Journal of Applied Mathematics
Volume 2013 (2013), Article ID 248084, 8 pages
http://dx.doi.org/10.1155/2013/248084
Research Article

Multiangle Social Network Recommendation Algorithms and Similarity Network Evaluation

1Department of Biostatistics and Computational Biology, University of Rochester, Rochester, NY 14642, USA
2Faculty of Engineering and Environment, Northumbria University, Newcastle upon Tyne, NE1 8ST, UK

Received 14 June 2013; Accepted 22 June 2013

Academic Editor: Dexing Kong

Copyright © 2013 Jinyu Hu et al.

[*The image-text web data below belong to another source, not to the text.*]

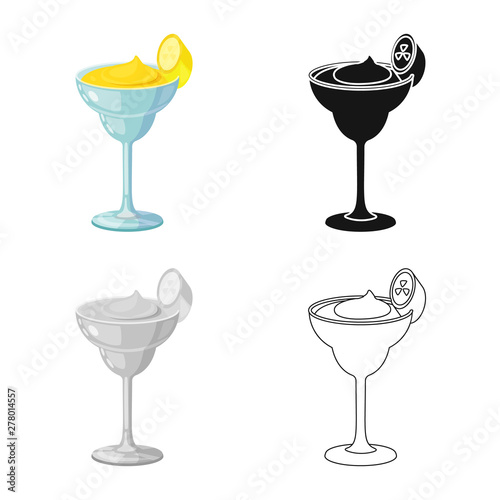 Vector illustration of daiquiri and cocktail icon. Collection of daiquiri and rum vector icon for stock.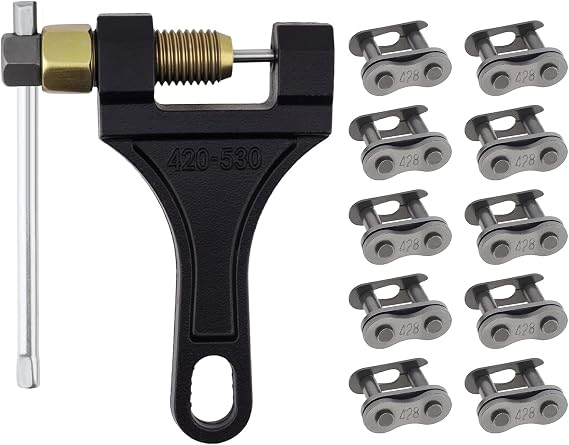 Windance Motorcycle Chain Link Breaker,Chain Pin Removal Tool with 10 Connecting Master Link for 50cc 125cc Dirt Pit Bike ATV Quad Go Kart Scooter Mini Bike (428)
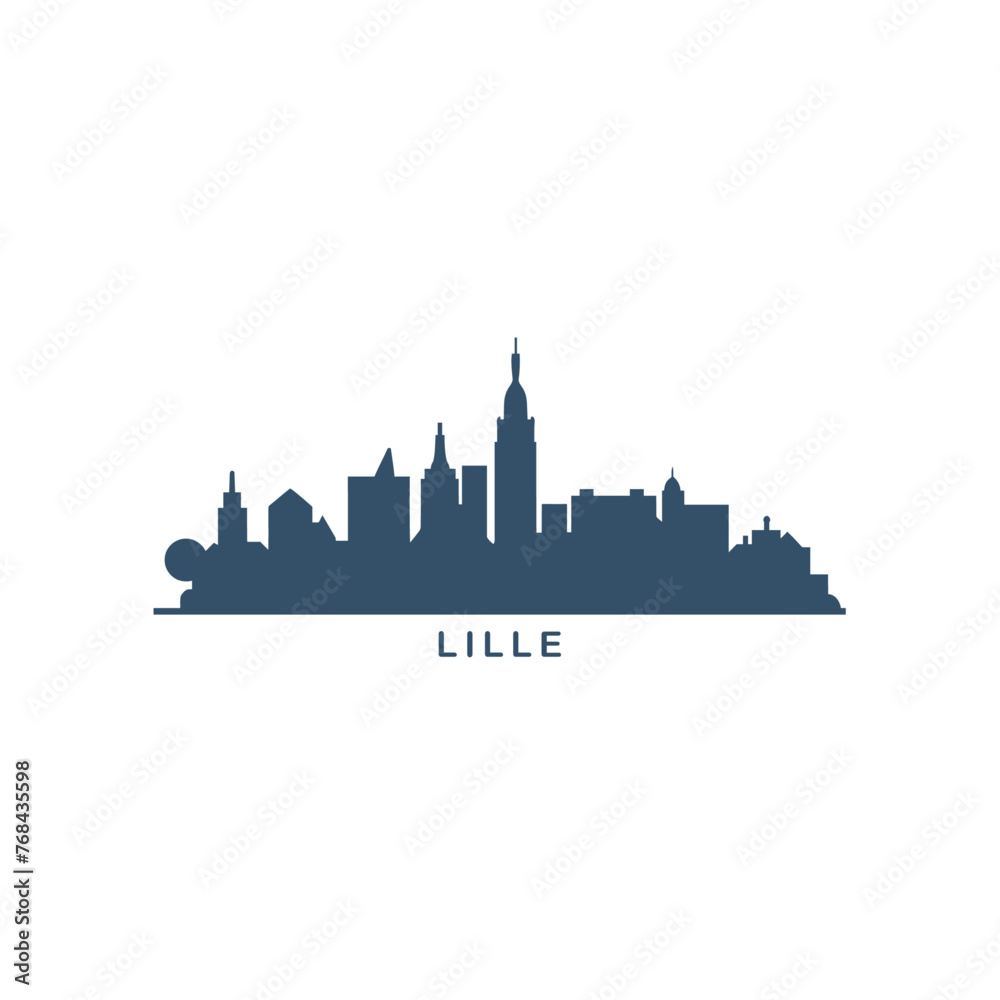 Fototapeta premium Lille cityscape skyline city panorama vector flat modern logo icon. France, French Flanders town emblem idea with landmarks and building silhouettes. Isolated graphic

This is an open access article distributed under the Creative Commons Attribution License, which permits unrestricted use, distribution, and reproduction in any medium, provided the original work is properly cited.

Abstract

Multiangle social network recommendation algorithms (MSN) and a new assessment method, called similarity network evaluation (SNE), are both proposed. From the viewpoint of six dimensions, the MSN are classified into six algorithms, including user-based algorithm from resource point (UBR), user-based algorithm from tag point (UBT), resource-based algorithm from tag point (RBT), resource-based algorithm from user point (RBU), tag-based algorithm from resource point (TBR), and tag-based algorithm from user point (TBU). Compared with the traditional recall/precision (RP) method, the SNE is more simple, effective, and visualized. The simulation results show that TBR and UBR are the best algorithms, RBU and TBU are the worst ones, and UBT and RBT are in the medium levels.